As I anticipate this year’s Advocacy Forum, I look forward to seeing the familiar faces of returning Volunteer Advocates, and to meeting new ones. I look forward to watching nervous faces relax into determination and confidence. I look forward to all of us working together to learn the importance of the legislation we’ll be supporting, and exchanging ideas and advice for advocacy at the state level, as well.

If you’re interested in becoming a Volunteer Advocate, you can start small  and in fact, small actions make a big difference! It’s easy! Just sign up here. You’ll receive emails any time your voice can help with state or national legislative efforts. You can email your legislators in support of effective suicide prevention legislation. (Sometimes, I pick up the phone and call, too). You can then, if you wish, share the information on social media so your friends and family may also contact legislators about the bill. Signing up makes it easy. Volunteer Advocates can also help with their local State Capitol Day events, meeting with state legislators. It’s all a matter of how much you want to get involved.

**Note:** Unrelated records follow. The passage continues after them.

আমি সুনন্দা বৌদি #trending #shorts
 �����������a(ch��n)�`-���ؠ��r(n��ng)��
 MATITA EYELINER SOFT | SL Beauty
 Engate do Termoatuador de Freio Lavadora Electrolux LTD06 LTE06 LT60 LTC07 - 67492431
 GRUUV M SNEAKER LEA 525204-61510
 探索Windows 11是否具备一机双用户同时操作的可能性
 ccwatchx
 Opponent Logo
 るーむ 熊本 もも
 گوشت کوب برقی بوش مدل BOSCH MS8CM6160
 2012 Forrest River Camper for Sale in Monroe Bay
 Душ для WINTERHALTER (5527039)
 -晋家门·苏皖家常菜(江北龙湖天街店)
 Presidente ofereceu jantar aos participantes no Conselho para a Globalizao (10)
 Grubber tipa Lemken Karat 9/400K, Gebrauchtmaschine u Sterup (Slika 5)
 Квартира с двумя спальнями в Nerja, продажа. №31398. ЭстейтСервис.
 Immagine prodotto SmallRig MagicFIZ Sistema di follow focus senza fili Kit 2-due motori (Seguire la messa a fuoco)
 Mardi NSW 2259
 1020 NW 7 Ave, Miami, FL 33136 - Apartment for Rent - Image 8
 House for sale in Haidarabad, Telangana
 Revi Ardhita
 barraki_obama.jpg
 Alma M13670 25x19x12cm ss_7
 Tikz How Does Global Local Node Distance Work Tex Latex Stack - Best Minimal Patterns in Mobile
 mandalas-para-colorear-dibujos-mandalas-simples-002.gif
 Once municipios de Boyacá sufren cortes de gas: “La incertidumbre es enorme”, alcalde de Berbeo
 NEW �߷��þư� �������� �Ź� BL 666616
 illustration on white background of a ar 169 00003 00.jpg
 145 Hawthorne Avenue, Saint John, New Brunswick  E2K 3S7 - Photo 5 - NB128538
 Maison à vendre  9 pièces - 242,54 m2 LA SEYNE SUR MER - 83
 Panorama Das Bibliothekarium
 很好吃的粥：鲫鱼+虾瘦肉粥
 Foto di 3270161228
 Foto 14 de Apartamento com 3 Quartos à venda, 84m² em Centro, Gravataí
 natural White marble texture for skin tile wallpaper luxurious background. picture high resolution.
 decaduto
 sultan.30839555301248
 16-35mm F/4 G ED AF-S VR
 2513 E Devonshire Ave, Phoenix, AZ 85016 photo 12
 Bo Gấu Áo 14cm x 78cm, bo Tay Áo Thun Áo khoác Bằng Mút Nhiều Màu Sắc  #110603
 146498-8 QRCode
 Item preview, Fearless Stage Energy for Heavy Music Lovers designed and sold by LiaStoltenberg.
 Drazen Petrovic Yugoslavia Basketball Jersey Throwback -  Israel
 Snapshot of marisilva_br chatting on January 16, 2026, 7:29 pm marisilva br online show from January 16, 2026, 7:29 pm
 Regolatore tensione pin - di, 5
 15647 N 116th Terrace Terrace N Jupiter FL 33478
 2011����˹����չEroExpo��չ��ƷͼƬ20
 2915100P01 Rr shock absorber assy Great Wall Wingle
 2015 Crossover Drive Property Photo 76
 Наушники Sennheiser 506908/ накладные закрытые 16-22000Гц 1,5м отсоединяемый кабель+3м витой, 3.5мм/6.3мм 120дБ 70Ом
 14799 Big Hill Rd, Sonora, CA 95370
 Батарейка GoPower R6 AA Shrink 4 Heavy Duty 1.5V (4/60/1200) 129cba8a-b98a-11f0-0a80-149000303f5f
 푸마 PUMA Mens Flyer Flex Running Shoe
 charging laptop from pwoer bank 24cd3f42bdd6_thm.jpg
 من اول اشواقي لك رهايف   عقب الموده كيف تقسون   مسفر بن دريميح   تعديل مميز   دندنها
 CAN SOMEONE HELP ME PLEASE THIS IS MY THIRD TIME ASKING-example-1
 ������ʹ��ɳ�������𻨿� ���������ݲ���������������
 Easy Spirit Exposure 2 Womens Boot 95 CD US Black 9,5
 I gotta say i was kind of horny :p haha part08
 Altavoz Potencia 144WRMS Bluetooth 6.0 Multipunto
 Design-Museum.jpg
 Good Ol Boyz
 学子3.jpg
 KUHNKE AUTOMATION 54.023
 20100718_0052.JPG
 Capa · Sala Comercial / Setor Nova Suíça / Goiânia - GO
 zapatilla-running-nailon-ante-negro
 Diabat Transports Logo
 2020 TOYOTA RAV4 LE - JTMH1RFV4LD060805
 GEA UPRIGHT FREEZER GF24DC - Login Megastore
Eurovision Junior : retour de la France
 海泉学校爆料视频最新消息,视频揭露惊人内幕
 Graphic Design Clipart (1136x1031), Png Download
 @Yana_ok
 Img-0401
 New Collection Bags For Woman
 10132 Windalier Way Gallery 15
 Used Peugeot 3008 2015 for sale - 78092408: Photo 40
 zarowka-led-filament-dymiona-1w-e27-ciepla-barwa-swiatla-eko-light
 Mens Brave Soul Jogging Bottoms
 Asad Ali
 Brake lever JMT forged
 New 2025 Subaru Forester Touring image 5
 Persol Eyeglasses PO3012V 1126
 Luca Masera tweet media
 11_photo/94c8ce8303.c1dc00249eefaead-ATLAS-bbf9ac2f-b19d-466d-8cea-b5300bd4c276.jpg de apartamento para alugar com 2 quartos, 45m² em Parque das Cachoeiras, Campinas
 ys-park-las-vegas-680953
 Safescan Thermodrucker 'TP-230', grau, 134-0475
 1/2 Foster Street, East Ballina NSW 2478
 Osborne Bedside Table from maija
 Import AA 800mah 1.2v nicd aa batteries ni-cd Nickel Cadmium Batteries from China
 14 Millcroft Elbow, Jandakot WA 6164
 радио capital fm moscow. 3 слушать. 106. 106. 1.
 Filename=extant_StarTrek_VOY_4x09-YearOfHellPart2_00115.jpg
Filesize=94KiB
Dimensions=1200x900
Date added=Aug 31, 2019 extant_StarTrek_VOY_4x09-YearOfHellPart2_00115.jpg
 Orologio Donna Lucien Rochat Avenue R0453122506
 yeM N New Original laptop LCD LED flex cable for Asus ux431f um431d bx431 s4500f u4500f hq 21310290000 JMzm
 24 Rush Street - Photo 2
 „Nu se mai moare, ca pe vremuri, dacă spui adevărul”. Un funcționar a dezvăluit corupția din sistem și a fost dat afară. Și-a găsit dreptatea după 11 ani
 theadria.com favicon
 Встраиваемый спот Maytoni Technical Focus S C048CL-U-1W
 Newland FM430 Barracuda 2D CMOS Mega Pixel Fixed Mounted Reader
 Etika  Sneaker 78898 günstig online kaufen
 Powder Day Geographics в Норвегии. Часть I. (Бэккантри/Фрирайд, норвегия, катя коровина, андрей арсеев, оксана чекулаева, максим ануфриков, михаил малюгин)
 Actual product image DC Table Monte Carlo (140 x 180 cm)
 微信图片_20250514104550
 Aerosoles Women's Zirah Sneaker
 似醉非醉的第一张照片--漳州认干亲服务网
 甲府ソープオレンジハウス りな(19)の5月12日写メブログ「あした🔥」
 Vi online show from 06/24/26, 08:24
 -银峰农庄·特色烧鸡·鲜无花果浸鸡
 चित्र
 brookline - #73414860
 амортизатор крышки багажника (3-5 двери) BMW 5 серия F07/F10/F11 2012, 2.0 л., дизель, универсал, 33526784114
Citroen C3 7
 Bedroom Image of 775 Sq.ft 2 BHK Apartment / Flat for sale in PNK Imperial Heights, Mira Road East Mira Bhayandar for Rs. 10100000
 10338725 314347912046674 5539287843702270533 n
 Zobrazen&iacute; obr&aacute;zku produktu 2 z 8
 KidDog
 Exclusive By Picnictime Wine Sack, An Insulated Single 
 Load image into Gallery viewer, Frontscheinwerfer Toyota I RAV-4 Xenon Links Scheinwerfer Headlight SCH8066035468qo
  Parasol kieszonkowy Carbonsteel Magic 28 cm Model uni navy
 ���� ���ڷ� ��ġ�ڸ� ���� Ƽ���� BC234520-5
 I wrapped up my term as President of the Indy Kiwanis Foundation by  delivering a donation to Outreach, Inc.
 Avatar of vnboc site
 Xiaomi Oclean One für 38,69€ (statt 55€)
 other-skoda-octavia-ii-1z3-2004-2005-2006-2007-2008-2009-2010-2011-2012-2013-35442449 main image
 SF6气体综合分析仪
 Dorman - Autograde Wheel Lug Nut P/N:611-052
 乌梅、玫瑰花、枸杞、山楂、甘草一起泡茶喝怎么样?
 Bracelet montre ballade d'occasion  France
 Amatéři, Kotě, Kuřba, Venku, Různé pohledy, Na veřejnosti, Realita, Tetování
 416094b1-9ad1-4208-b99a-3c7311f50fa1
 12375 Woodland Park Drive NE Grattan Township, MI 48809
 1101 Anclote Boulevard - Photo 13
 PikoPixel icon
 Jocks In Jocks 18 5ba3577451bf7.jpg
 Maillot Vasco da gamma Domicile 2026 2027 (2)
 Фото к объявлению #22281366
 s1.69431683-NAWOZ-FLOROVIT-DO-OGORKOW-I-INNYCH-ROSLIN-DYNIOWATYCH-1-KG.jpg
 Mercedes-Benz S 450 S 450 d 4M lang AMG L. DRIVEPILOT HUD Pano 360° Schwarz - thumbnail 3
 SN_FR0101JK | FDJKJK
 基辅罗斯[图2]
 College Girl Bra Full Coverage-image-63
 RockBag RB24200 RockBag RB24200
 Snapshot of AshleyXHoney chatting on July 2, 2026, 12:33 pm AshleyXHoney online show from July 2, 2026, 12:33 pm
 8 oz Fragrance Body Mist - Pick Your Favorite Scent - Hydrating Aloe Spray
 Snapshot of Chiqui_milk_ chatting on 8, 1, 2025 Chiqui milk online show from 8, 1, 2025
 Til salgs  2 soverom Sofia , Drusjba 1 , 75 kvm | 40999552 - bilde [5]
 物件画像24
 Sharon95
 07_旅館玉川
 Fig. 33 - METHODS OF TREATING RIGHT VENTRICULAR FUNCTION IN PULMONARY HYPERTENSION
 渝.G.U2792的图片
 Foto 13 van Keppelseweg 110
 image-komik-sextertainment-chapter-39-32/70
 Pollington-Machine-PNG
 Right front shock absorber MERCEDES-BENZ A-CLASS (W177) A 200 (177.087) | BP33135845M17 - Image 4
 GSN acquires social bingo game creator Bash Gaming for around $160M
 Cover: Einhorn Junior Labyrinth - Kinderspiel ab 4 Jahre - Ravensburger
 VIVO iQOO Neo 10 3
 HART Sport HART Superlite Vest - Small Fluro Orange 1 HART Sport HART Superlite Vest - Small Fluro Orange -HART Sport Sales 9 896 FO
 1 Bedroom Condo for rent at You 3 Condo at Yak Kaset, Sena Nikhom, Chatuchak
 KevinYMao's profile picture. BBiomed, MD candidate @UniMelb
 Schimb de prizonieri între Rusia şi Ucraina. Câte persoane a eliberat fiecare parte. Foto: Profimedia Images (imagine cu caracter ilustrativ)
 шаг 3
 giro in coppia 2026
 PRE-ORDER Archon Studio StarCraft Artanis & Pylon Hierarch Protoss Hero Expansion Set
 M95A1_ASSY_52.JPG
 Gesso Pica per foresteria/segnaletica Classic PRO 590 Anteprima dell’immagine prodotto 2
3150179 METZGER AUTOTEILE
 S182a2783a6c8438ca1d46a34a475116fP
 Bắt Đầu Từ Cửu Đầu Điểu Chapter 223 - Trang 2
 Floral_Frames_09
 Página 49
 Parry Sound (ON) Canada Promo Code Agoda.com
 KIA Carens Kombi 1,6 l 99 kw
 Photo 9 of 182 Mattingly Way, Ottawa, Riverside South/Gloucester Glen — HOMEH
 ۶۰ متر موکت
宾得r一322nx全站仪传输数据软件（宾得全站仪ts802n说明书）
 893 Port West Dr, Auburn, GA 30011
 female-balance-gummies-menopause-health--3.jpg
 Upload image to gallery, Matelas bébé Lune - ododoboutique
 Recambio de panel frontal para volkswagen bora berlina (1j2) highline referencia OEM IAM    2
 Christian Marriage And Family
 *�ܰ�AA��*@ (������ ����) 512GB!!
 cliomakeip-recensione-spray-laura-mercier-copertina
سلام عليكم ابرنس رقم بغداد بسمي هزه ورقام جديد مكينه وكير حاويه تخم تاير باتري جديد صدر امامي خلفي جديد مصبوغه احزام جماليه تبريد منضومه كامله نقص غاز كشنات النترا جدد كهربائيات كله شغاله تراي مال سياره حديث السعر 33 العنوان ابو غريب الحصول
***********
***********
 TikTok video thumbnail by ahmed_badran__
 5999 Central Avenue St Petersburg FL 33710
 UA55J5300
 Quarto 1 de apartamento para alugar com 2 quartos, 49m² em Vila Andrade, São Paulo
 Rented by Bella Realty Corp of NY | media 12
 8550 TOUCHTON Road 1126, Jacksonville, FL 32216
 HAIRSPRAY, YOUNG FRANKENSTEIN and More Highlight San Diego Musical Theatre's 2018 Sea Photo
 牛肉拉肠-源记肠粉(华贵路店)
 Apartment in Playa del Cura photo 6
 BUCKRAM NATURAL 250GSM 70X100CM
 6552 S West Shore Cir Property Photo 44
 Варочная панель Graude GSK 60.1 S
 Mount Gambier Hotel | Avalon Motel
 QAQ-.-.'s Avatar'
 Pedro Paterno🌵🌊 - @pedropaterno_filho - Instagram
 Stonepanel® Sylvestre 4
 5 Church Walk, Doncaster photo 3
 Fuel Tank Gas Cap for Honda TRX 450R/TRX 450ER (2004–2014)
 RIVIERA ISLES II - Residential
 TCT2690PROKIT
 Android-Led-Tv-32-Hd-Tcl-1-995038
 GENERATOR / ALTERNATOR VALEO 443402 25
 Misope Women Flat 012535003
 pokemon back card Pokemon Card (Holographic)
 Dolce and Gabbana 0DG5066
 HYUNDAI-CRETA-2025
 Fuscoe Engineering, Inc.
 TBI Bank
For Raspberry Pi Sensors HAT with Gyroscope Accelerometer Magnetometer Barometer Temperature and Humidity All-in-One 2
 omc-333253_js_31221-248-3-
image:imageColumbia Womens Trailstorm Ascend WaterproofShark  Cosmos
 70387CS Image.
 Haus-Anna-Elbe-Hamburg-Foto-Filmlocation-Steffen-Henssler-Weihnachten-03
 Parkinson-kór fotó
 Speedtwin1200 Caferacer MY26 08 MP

I now feel I’ve come full circle through my advocacy with AFSP. I am applying my interest in politics and policy, as well as the public speaking skills I first learned with Ted at high school speech meets, to help support meaningful improvements in mental health and suicide prevention policies nationwide. I do it in memory of the people we’ve lost, like Ted, and for all those affected by this leading cause of death.

Together, we are true citizen advocates, helping our senators, representatives, and their staff members connect pieces of legislation to the people whose lives they impact. Our individual voices and our stories are more powerful than many of us imagine. Together, they are unstoppable.